Researchers at Lund University have developed a new method for stimulating severe pain that provides pain relief without side effects.
Medication often causes side effects that can affect the ability to function in daily life. Now, researchers at Lund University have developed a stimulation method that almost completely blocks pain without affecting feeling or motor skills and that does not give the usual side effects.
The Lund research team was relieved Jens Schoenberg, Professor of Neurophysiology, including The study was published in the scientific journal Science Advances.
Provides individualized pain relief
The electrodes activate the pain control centers in the brain and block pain by preventing signals from being sent only in the pain pathways to the cerebral cortex. The project has been going on for several years and researchers have developed a tissue-friendly gelatin-based technology as well as surgical techniques that enable the implementation of the flexible microelectrodes with very high accuracy.
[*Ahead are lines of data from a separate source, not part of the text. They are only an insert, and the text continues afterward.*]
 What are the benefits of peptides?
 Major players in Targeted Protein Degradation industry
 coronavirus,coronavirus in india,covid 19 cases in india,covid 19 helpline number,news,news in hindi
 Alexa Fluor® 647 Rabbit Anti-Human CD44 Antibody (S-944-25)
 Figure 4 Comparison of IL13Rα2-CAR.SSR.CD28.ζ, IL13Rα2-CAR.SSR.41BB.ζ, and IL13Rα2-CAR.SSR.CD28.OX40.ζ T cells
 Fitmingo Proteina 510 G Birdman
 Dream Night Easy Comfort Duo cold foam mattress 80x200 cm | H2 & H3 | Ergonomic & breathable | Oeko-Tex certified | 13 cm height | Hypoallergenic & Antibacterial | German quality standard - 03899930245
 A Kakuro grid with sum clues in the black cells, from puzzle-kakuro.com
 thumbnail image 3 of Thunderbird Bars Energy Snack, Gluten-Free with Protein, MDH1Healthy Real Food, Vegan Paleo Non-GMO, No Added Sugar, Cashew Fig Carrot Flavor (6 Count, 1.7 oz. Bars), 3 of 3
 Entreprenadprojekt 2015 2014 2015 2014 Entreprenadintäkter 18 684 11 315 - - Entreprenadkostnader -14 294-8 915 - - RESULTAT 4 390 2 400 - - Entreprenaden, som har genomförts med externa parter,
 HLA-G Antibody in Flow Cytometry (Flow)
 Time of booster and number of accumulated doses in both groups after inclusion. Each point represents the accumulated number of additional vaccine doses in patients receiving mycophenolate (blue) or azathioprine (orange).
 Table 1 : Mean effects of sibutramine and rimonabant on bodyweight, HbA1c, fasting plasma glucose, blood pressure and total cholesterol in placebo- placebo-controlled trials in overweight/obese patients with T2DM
“The electrodes are as soft as seaweed and very gentle on the brain. They are used to specifically activate pain control centers in the brain without simultaneously activating the neuronal circuits that cause side effects. The method works by implanting a set of ultra-thin electrodes and then choosing a combination of Subsidiaries of electrodes that provide pure pain relief, but without side effects. This procedure allows for a highly precise and individualized stimulation therapy that has been shown to be effective in each individual,” explains Jens Schoeneburg, who heads the Neuronano Research Center at Lund University, in press release.
It should work on many types of pain
The new technology, according to the researchers, should work on most types of pain. Jens Schouenborg says they compared the method with morphine and it turned out that morphine gave significantly worse pain relief. Morphine also provides powerful sedation and other cognitive effects.
“We achieved near-complete pain blockage without affecting other sensations and motor skills, which is a major achievement in pain research. Our results demonstrate that it is indeed possible to achieve robust pain relief free of side effects, something that has been very challenging in the past,” he explains. Matilda Forney, PhD student and first author of the new pain study, in the press release.
It should be able to treat other than pain
The researchers hope that within five to eight years this method will lead to a satisfactory stimulation treatment for people with particularly severe pain, such as cancer pain or spinal cord injury pain, since there are currently no satisfactory treatments for pain. The researchers believe the method can also be used for treatment other than pain.
“This method can be tailored to essentially all parts of the brain, so we think it could also be used in treating degenerative brain diseases such as Parkinson’s, but also in depression, epilepsy and possibly stroke as well,” Jens Schouenborg says in the press release.